I'm thinking of spraying my diy guitar with Dupli-Color. Does any has experienced with Dupli-Color from Canadian Tire on guitar and does colour come out pretty good. I'm worry about the paint is made for metal surface, I think and won't be as good adhesive to wood as wood paint. Any body has experienced can share you experience would be helpful before I spend the money on prime and paint.







Thanks in advance. 

Sent from my LG-H812 using Tapatalk


----------



## Granny Gremlin (Jun 3, 2016)

Dunno about that brand, but Gibson custom colours from the 60s were all auto paint.


----------



## Mooh (Mar 7, 2007)

Should be fine with a good primer coat, right?


----------



## Lincoln (Jun 2, 2008)

I used to spray automotive Dupont base coat/clear coat black paint over wood. Turned out well and I never had a problem with it coming off. I've never tried that paint you pictured up, but it looks interesting. I'll be looking for it next time I'm in a CT

This tele was painted with automotive paint.


----------



## Ayr Guitars (Oct 24, 2016)

It will work just fine. Seal the guitar with something first - Shellac is best; Zinsser BIN is a good product to use. It is a shellac-based high-hide primer. It sticks to anything and anything sticks to it. Give that a good level sand, apply a few coats of automotive primer, then your Duplicolor. If you want a high-gloss, clear coat over top.


----------



## nnieman (Jun 19, 2013)

Yes duplicolour is fine

It's acrylic laquer.
Pu it over primer and you'll be fine.
I like Zinsser BIN, especially if you can get it in a spray can.

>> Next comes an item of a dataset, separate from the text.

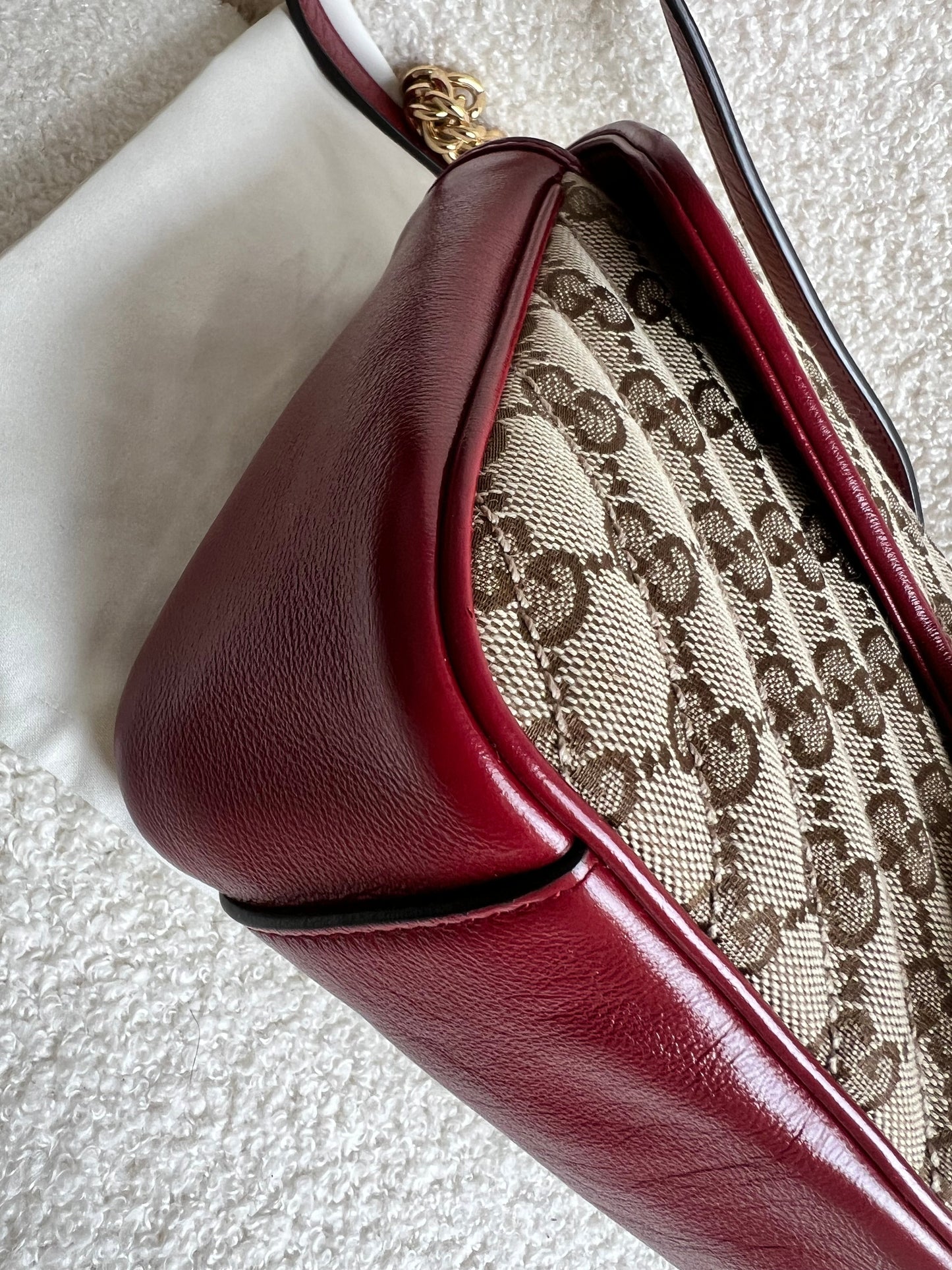 Gucci GG Beige Marmont Small Shoulder Bag (RRP £1,570)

I have not heard anything good about the duplicolour clear coat, but I have not actually used it.
I topcoat with watco from home depot.

Nathan


----------



## knight_yyz (Mar 14, 2015)

I like krylon paint more. It goes on nice has a better nozzle, but it takes longer to cure.


----------



## Ayr Guitars (Oct 24, 2016)

knight_yyz said:


> I like krylon paint more. It goes on nice has a better nozzle, but it takes longer to cure.

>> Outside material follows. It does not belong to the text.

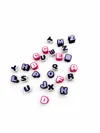 Letters A-Z Horizontal 14mm tall 11mm thick 4.5mm hole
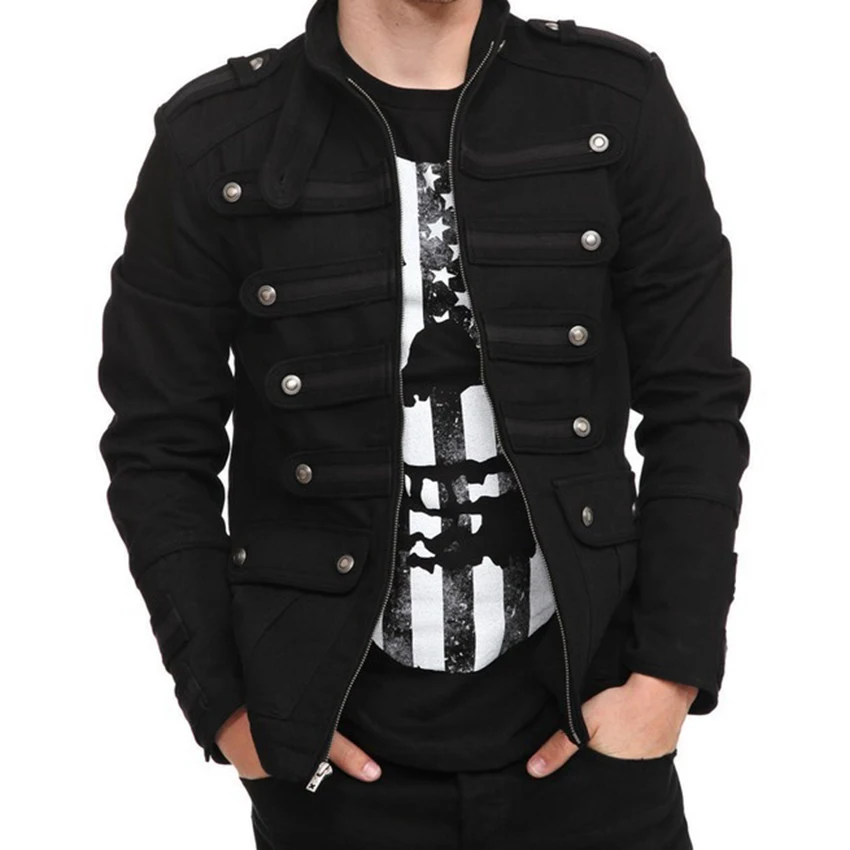 Spring 2019 New Fashion Black Button Leisure Men's Coat Standing Collar Male Long Sleeve Jacket Solid Color Plus Size Clothing
Spring 2019 New Fashion Black Button Leisure Men's Coat Standing Collar Male Long Sleeve Jacket Solid Color Plus Size Clothing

The nozzle on Duplicolor rattle cans isn't very good at all. When I need to use the stuff, I remove it and replace with the nozzle from primer. Much less spatter this way. 

I use my spray equipment whenever I can, although for solid colour it doesn't always make sense to buy a whole can, nor go through the work of cleaning the gun especially if just for one body.


----------



## knight_yyz (Mar 14, 2015)

the krylon tip can be turned for two spray patterns which is really helpful as well.


----------



## Jamdog (Mar 9, 2016)

My strat is krylon painted. Not even a topcoat. I did use duplicolor primer under it because I had started the job when I chose the paint... 

So far no issues and I am happy with the results.


----------